Joni Mitchell Sings Her Sad Songs on New Album

by Jack Lloyd
Philadelphia Inquirer
December 10, 1972

With all of the recent fuss over such singer-songwriter ladies as Carole King, Carly Simon and Helen Reddy, Joni Mitchell was generally left on the sidelines, despite her steady creative out-put over the past four years or so.

Upon her arrival several years ago - a time when female "folksingers" were supposed to deliver strong, slashing statements, angrily chastise the audience and occasionally stomp their feet to emphasize disapproval - Joni Mitchell settled comfortably into a gentle image.

It was often chic to dismiss her music as sweet trifles.

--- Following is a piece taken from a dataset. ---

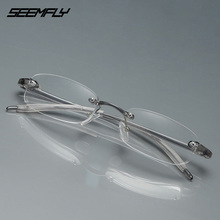 Seemfly-gafas de lectura sin montura para hombres y mujeres, anteojos ultraligeros TR90 para presbicia, con prescripción antifatiga, + 1,0 a + 4,0 2024 - compra barato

All of this changes dramatically with "For the Roses," Joni Mitchell's first album for her new record company, Asylum Records. Now that gained a position of due respect in contemporary music circles, Miss Mitchell has produced a session of potently unsettling music.

In listening to "For the Roses" - and recalling past albums - one gets the impression that Joni Mitchell has been hurt deeply for the first time in her life and that she has completely bared her soul. She sounds as naked and alone as she appears on a rocky shore in the stunning centerfold viewed when the album cover is opened.

There is no beating around the bush. Miss Mitchell is quite specific about the object of her misery. Those who follow the rock gossip news will instantly identify the scoundrel. The sentiment expressed in one of the songs, "Blonde in the Bleachers," pops up throughout the album:

"You can't hold the hand of a rock 'n' roll man...Compete with the fans for your rock 'n' roll man...The girls and the bands and the rock 'n' roll man."

Much of the content is so scorchingly personal that one almost feels guilty of invasion of privacy.

The hurt and anger are just barely contained in "Woman of Heart and Mind." One line even includes THAT four-letter work [sic], yet it is delivered in that classic, calculatingly cool manner of the woman who IS NOT going to lose her temper.

Despite this dominant theme, the album's best moment comes when she momentarily strays into other matters. "Cold Blue Steel and Sweet Fire" is a street song masterpiece. Hauntingly beautiful, dark and ominous, scarey [sic] as hell. The lines ooze the pain of our times:

"A wristwatch, a ring, a downstairs screamer...Edgy-black cracks of the sky/pin cushion prick/free this poor bad dreamer...Concrete concentration camps-bashin' in veins for peace...Sweet fire...Lady Relief."

"For the Roses" is not an album you will easily forget.